> What you will do:
Up to and including the line that contains "View from below", repeat the entries below exactly from the first line on. Do not carry over any pictures.

> Data under study:

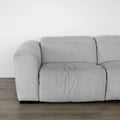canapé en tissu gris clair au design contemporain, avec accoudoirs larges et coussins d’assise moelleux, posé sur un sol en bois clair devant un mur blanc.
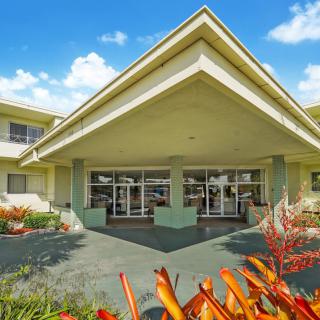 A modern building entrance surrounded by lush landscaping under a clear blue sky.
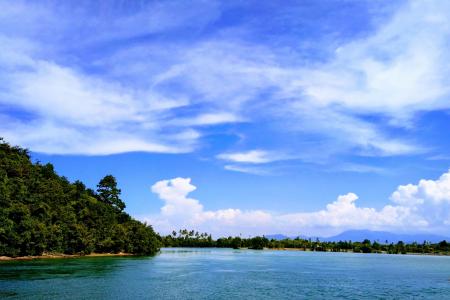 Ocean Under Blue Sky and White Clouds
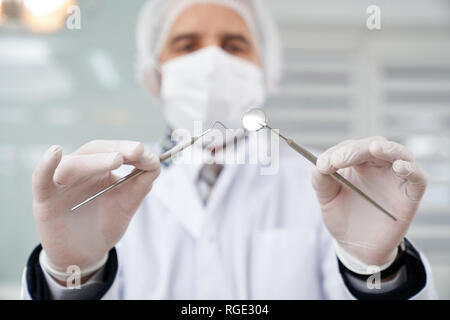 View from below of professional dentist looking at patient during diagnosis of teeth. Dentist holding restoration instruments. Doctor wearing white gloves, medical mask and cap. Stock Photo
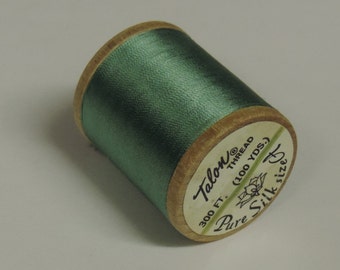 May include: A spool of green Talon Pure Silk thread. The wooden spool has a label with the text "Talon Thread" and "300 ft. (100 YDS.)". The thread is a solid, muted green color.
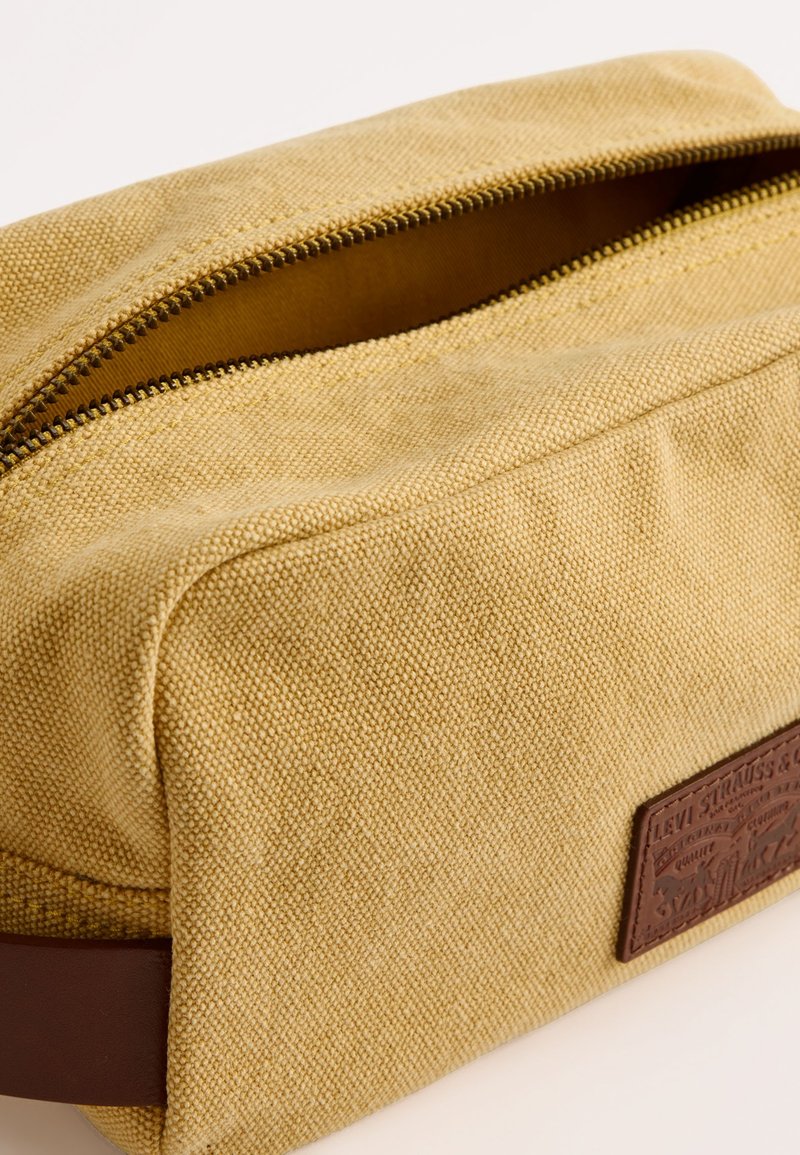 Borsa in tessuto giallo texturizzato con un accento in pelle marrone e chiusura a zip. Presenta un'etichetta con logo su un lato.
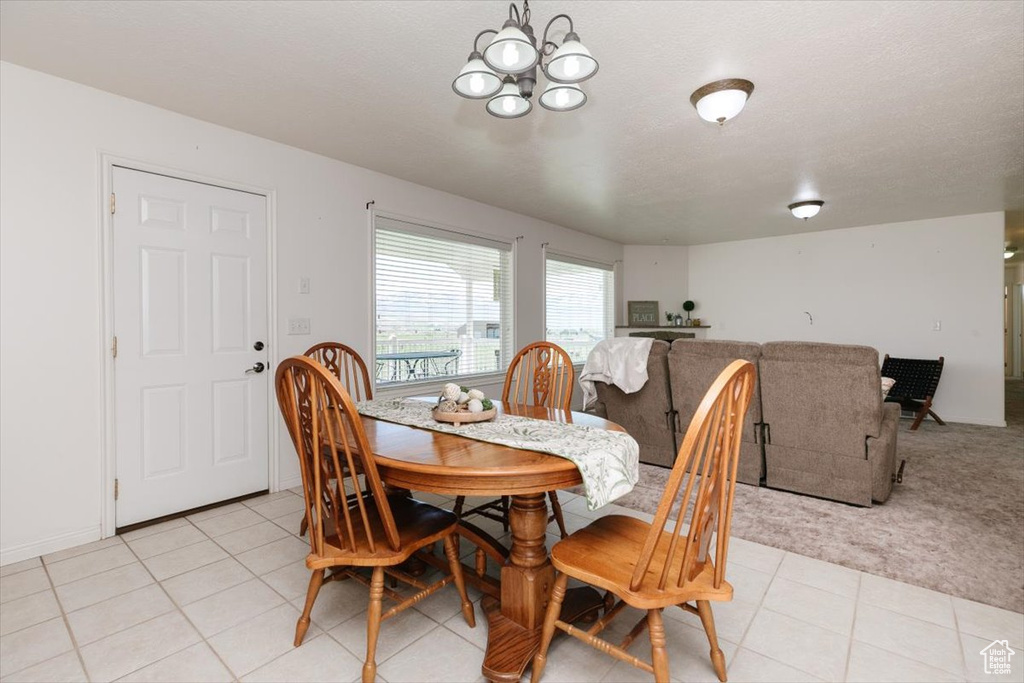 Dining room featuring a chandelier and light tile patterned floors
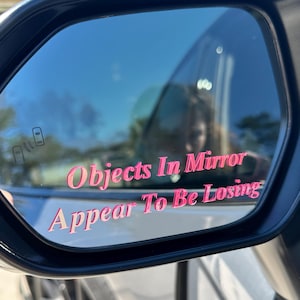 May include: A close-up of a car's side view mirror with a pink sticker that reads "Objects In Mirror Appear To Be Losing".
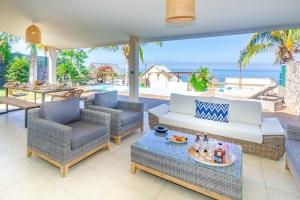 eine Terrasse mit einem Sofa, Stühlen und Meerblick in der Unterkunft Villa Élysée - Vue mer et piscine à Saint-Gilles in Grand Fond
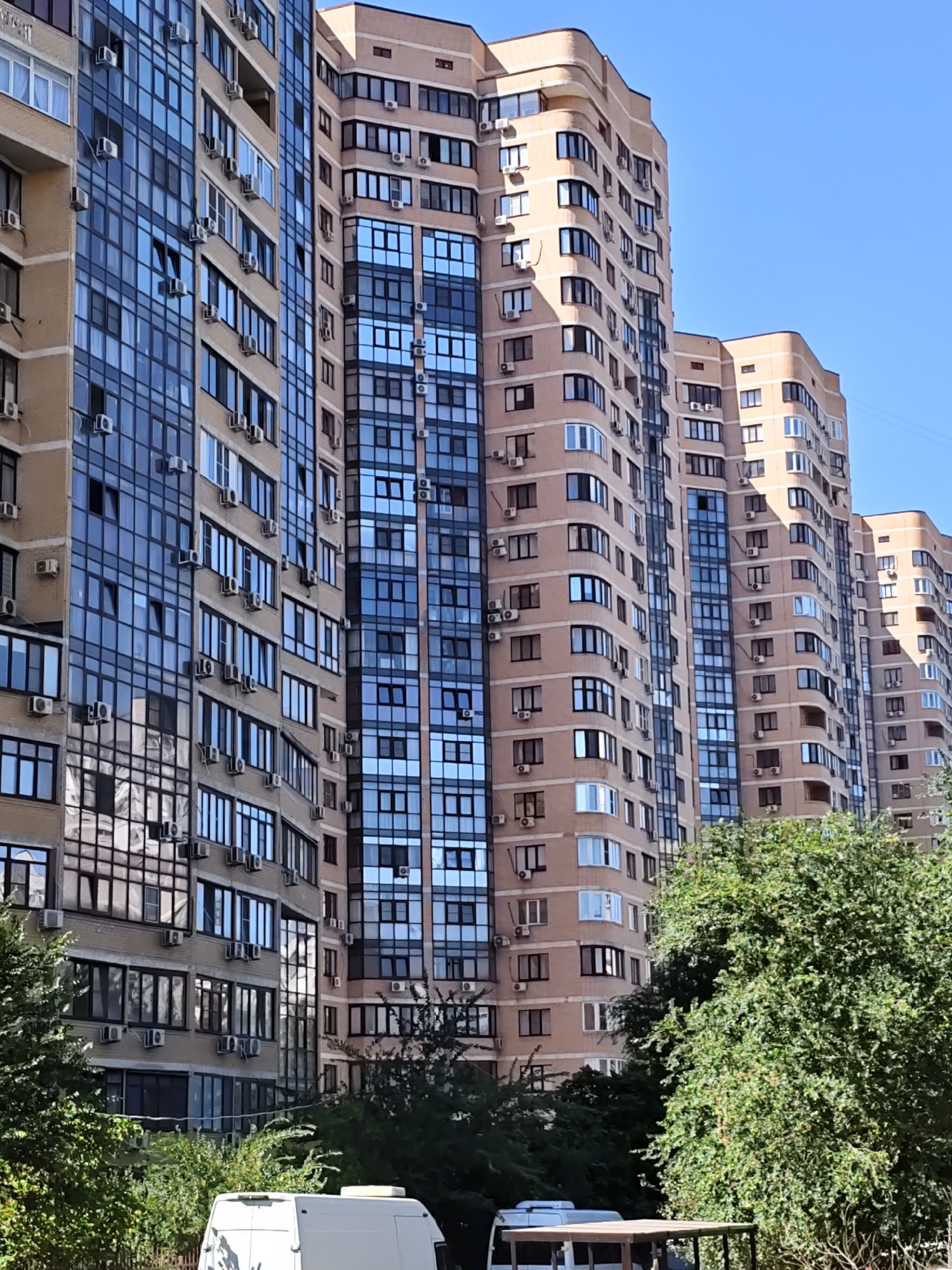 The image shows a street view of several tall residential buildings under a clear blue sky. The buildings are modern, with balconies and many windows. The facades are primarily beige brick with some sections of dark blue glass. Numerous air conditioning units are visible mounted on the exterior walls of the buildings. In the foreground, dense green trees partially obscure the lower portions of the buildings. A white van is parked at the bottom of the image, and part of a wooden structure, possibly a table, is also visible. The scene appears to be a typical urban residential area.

> Task result:
canapé en tissu gris clair au design contemporain, avec accoudoirs larges et coussins d’assise moelleux, posé sur un sol en bois clair devant un mur blanc.
 A modern building entrance surrounded by lush landscaping under a clear blue sky.
 Ocean Under Blue Sky and White Clouds
 View from below of professional dentist looking at patient during diagnosis of teeth. Dentist holding restoration instruments. Doctor wearing white gloves, medical mask and cap. Stock Photo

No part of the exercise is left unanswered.